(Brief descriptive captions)
☆ ☆ ☆ ☆ ☆ ☆ ☆

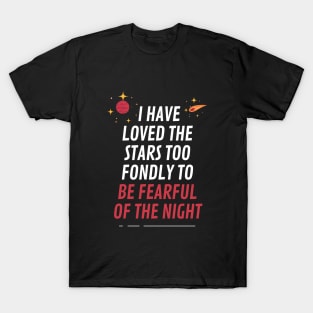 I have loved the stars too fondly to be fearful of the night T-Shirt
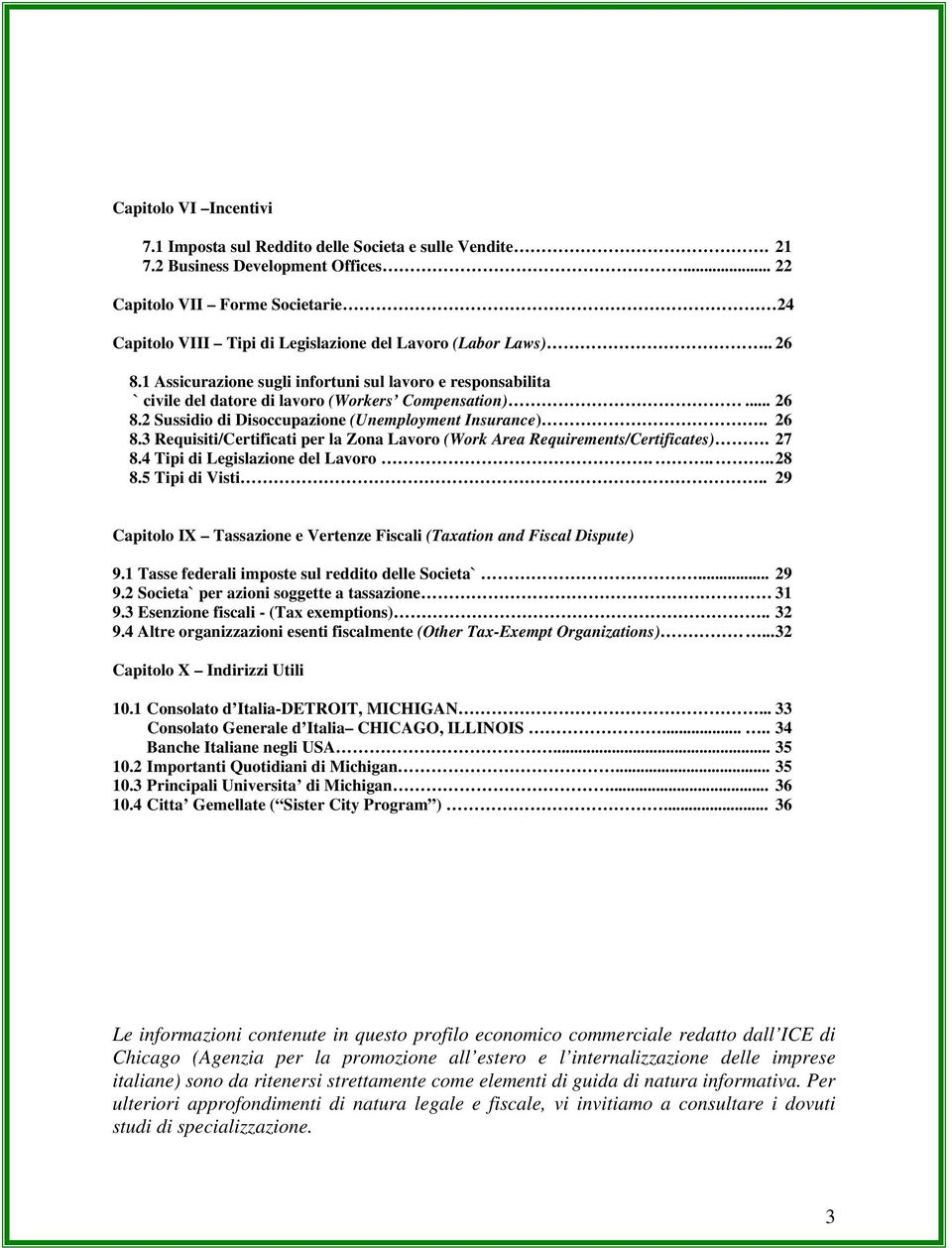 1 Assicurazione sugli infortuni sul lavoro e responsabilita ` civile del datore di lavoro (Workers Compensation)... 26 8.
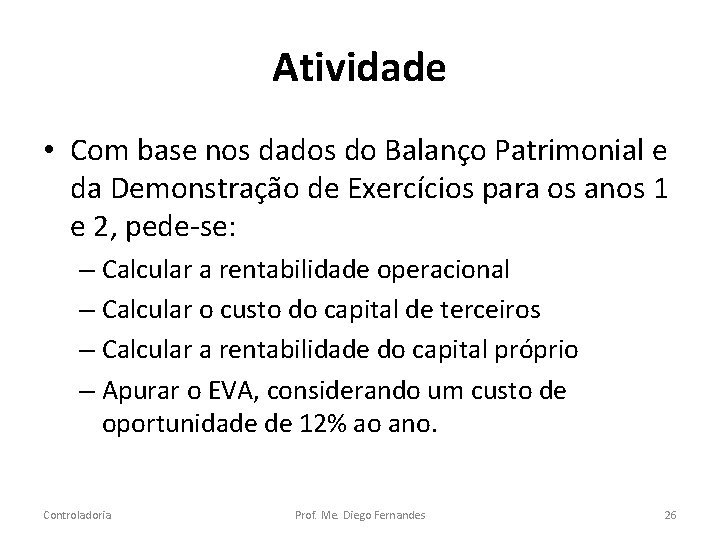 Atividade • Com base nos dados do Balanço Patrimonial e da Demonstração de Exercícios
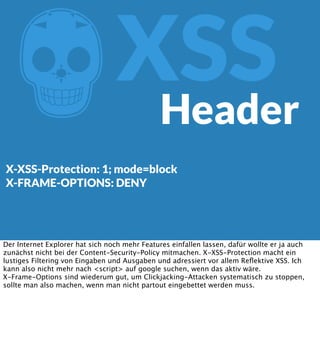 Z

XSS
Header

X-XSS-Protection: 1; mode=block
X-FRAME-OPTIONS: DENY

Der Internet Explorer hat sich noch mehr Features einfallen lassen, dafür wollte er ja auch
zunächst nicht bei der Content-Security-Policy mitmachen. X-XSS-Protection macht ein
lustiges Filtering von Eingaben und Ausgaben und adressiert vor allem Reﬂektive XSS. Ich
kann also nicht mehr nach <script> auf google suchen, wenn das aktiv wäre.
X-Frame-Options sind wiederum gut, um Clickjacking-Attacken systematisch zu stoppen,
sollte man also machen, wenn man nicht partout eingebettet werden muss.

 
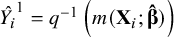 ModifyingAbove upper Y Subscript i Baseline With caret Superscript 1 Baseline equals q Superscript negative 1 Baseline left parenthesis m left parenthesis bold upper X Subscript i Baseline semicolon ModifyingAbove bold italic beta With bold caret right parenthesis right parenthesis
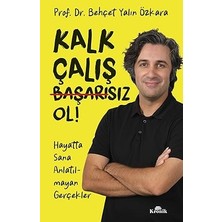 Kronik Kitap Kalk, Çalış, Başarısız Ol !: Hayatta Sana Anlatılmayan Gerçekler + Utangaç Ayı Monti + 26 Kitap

☆ ☆ ☆ ☆ ☆ ☆ ☆

Show the lines above that have the word "nicht".

zunächst nicht bei der Content-Security-Policy mitmachen. X-XSS-Protection macht ein
kann also nicht mehr nach <script> auf google suchen, wenn das aktiv wäre.
sollte man also machen, wenn man nicht partout eingebettet werden muss.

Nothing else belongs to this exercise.